_PROBLEM_:
Using the entries that follow, report how many lines contain the word "Natural". Only the number is wanted.

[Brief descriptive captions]

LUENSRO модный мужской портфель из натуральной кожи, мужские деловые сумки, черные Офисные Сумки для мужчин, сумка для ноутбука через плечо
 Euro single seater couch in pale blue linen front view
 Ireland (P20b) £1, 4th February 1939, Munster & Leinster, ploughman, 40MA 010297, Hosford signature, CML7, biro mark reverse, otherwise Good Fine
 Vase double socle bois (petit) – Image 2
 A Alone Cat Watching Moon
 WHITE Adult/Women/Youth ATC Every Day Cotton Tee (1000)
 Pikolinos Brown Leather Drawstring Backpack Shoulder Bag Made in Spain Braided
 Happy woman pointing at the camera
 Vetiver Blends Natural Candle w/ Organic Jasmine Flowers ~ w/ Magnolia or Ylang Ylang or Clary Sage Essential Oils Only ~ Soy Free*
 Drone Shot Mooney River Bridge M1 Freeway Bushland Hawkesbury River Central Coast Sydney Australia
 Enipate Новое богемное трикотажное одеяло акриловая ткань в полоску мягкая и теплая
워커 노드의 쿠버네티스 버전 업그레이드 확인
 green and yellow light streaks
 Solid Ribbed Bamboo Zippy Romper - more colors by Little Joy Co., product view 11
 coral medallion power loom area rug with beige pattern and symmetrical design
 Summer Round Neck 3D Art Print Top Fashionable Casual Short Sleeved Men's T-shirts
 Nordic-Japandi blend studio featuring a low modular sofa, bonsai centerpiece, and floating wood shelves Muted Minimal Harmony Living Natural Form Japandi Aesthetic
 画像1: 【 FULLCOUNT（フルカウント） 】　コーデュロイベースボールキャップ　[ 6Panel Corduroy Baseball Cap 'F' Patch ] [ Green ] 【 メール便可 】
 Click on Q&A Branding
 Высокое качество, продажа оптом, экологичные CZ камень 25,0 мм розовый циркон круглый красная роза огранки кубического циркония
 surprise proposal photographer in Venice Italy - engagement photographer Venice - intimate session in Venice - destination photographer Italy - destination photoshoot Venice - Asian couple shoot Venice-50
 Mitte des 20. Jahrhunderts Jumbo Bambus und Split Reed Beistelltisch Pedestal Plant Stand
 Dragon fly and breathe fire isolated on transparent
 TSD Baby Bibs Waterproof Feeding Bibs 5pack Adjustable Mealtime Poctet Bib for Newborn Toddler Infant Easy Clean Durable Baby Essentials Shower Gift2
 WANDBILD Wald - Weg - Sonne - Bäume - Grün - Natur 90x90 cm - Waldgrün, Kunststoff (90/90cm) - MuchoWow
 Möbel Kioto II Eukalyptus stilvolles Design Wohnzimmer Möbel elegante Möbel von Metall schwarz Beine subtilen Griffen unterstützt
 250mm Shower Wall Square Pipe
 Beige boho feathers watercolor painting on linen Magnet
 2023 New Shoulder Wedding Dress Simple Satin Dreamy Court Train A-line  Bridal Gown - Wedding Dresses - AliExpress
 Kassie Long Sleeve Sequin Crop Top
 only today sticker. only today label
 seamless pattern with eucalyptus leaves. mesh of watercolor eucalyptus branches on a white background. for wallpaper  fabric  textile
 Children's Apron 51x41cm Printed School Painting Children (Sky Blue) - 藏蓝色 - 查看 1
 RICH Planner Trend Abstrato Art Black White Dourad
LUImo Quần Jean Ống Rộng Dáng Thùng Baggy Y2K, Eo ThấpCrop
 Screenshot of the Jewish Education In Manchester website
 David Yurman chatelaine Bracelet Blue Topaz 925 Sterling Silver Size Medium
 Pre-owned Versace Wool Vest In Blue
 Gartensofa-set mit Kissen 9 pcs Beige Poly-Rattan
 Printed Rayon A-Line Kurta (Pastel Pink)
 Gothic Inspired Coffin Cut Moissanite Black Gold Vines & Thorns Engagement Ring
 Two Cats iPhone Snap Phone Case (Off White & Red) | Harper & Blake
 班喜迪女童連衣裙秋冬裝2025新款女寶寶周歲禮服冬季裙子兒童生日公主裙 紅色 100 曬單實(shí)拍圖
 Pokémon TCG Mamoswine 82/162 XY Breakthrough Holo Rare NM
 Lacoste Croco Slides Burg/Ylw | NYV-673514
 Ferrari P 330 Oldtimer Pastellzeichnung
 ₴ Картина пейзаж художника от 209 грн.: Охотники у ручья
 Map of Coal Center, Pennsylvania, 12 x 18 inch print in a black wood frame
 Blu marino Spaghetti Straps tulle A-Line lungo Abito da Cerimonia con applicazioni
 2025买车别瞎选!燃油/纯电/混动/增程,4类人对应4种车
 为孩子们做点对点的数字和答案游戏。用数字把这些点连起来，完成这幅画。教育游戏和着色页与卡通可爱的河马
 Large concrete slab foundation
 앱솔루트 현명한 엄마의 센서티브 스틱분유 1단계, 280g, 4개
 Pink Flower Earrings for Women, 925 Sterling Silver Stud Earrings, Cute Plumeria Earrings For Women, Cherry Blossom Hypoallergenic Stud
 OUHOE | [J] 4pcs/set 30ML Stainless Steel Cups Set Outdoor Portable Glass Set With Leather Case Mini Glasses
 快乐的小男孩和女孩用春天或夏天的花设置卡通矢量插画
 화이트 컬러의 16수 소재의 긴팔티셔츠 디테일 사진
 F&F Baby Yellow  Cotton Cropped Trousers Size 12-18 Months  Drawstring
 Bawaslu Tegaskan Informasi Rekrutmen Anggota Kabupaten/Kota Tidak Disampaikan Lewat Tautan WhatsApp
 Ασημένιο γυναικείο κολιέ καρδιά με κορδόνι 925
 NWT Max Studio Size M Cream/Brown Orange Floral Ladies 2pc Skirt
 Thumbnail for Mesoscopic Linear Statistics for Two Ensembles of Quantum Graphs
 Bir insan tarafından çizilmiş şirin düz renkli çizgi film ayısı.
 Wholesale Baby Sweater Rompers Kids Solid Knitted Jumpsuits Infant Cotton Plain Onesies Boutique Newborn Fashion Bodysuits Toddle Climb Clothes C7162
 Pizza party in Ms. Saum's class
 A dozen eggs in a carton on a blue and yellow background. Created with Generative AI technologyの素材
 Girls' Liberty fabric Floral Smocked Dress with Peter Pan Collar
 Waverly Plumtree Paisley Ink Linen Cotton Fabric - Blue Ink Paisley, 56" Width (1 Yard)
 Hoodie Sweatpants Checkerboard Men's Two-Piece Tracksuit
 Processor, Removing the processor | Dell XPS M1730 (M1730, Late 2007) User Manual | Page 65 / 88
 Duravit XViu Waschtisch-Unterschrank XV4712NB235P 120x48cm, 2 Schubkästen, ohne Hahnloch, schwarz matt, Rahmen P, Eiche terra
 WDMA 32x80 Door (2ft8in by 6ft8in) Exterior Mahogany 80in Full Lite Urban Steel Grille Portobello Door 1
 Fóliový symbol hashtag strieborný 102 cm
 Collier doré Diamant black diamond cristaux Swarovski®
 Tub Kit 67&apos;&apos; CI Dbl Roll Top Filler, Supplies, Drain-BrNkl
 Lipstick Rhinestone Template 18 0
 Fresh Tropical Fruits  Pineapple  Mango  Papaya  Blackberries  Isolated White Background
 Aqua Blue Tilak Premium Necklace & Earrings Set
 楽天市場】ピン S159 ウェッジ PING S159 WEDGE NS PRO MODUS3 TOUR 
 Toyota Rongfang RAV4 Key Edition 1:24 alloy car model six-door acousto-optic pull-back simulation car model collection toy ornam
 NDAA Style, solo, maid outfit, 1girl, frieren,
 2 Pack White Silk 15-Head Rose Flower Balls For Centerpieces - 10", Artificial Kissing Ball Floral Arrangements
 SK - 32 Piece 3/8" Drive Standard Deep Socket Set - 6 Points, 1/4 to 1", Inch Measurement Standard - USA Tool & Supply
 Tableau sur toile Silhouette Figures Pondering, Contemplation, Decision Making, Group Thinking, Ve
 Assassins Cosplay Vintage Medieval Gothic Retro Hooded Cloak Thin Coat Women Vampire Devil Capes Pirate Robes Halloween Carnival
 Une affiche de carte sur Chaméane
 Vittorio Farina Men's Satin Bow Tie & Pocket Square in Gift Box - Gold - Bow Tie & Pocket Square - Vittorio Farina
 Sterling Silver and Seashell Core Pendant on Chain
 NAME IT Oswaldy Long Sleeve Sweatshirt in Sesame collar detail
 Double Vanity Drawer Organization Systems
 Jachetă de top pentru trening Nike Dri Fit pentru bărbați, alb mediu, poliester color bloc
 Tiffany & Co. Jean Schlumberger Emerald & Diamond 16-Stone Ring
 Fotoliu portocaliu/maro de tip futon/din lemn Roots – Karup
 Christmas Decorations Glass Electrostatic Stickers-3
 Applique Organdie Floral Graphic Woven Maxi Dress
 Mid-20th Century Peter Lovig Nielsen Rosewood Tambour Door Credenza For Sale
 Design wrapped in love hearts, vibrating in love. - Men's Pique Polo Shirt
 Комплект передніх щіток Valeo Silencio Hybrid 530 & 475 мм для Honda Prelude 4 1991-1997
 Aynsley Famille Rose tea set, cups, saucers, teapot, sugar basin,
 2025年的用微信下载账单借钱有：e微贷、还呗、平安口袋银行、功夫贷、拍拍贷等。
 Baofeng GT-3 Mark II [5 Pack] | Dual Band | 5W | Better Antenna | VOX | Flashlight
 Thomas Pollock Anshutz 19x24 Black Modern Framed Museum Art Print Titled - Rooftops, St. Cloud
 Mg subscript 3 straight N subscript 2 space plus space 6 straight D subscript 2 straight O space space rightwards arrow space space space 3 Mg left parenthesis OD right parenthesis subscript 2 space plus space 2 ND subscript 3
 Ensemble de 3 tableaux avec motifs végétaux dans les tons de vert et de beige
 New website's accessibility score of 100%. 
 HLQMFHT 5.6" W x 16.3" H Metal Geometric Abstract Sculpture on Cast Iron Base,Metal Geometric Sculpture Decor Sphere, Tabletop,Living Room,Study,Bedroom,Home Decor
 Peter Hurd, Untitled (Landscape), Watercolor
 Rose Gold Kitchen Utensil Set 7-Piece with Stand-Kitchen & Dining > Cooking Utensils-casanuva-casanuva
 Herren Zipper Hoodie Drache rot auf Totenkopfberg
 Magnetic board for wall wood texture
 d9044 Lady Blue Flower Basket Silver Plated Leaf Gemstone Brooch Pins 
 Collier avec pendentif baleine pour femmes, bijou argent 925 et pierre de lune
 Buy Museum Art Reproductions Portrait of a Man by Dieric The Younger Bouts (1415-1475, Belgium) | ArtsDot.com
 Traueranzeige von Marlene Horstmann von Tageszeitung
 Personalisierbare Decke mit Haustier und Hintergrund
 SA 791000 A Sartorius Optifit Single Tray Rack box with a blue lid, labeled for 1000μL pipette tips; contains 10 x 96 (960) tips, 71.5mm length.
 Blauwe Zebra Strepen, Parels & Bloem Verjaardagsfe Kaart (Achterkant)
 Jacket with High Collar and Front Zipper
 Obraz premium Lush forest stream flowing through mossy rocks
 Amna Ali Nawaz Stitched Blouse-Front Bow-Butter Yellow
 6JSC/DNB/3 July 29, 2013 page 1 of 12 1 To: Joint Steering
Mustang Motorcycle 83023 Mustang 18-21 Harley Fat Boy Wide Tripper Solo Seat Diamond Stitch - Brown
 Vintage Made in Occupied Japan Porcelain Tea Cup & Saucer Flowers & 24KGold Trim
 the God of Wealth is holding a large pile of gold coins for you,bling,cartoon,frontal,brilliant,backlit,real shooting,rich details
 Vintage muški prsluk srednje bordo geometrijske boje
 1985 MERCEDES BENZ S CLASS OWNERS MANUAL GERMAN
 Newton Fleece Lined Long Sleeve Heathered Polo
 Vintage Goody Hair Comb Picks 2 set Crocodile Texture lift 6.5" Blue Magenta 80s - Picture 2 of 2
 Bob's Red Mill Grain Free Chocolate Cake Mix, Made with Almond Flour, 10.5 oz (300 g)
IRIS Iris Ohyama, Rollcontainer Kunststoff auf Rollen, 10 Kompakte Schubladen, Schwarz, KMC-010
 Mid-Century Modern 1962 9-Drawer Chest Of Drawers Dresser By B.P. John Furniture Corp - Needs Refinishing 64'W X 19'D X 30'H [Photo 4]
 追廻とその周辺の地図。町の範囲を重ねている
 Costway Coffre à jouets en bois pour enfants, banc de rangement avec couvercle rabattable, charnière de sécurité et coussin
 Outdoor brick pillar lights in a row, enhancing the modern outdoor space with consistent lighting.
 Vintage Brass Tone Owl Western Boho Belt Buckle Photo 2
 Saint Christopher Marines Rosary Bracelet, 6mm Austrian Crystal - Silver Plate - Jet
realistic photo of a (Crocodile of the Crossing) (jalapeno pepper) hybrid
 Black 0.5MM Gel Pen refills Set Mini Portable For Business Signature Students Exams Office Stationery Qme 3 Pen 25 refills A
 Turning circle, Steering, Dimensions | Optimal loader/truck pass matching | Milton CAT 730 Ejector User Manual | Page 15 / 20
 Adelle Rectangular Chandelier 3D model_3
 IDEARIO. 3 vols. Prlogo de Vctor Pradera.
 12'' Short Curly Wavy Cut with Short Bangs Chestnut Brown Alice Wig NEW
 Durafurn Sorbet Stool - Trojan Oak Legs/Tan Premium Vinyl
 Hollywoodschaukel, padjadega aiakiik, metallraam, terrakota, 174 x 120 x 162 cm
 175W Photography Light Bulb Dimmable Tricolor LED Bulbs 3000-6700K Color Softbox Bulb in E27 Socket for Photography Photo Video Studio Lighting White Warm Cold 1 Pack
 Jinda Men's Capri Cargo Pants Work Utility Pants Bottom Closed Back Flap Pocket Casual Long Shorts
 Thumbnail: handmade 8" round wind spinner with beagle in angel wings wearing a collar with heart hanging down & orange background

_YOUR RESPONSE_:
2